There were a number of factors which led to the renegotiation of the agreement in 2003. Victims of untraced drivers had increasing expectations for better levels of compensation, and there was pressure in support from groups such as the Association of Personal Injury Lawyers and the Motor Accident Solicitors' Society. There was concern that applicants under the Agreement could not obtain provisional or periodical payments. The introduction of the Human Rights Act 1998, particularly regarding the right to a fair trial under Article 6 of the European Convention on Human Rights, was a further factor which persuaded the Government to consider that a review of the Agreement would be apposite. However, the main driver was the increasing influence of European law in the area.

13

The first European intervention was in 1972. EEC Directive 72/166/EEC (“the First Directive”), amongst other things, required each member state to ensure that civil liability in respect of the use of motor vehicles was covered by insurance (Article 3(1)). Of particular importance in relation to this claim, EEC Directive 84/5/EEC (“the Second Directive”) required member states to set up a body to provide compensation for damage to property and the person caused by an unidentified vehicle (which includes, for these purposes, an unidentified driver). Article 1(4) of the Second Directive provides:

“Each Member State shall set up or authorise a body with the task of providing compensation, at least up to the limits of the insurance obligation[,] for damage to property or personal injuries caused by an unidentified vehicle or a vehicle for which the insurance obligation… has not been satisfied. This provision shall be without prejudice to the right of the Member States to regard compensation by that body as subsidiary or non-subsidiary and the right to make provision for the settlement of claims between that body and the person or persons responsible for the accident and other insurers or social security bodies required to compensate the victim in respect of the same accident.
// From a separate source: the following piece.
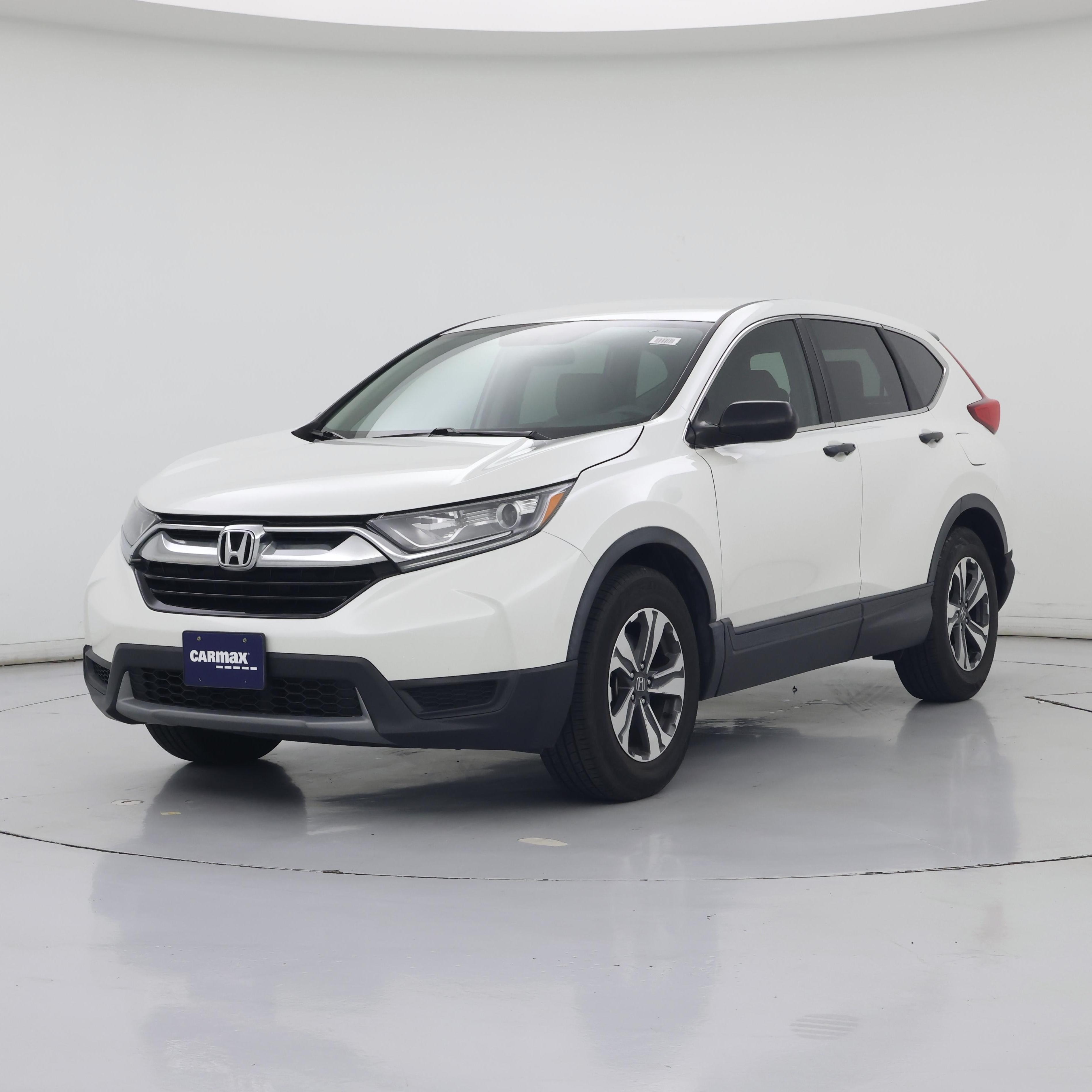 Thumbnail: 2018 Honda CR-V - 4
The victim may in any case apply directly to the body which, on the basis of information provided at its request by the victim, shall be obliged to give him a reasoned reply regarding the payment of any compensation.

However, Member States may exclude the payment of compensation by that body in respect of persons who voluntarily entered the vehicle which caused the damage or injury when the body can prove that they knew it was uninsured.

Member States may limit or exclude the payment of compensation by that body in the event of damage to property by an unidentified vehicle.

They may also authorize, in the case of damage to property caused by an uninsured vehicle an excess of not more than 500 ECU for which the victim may be responsible.

Furthermore, each Member State shall apply its laws, regulations and administrative provisions to the payment of compensation by this body, without prejudice to any other practice which is more favourable to the victim.”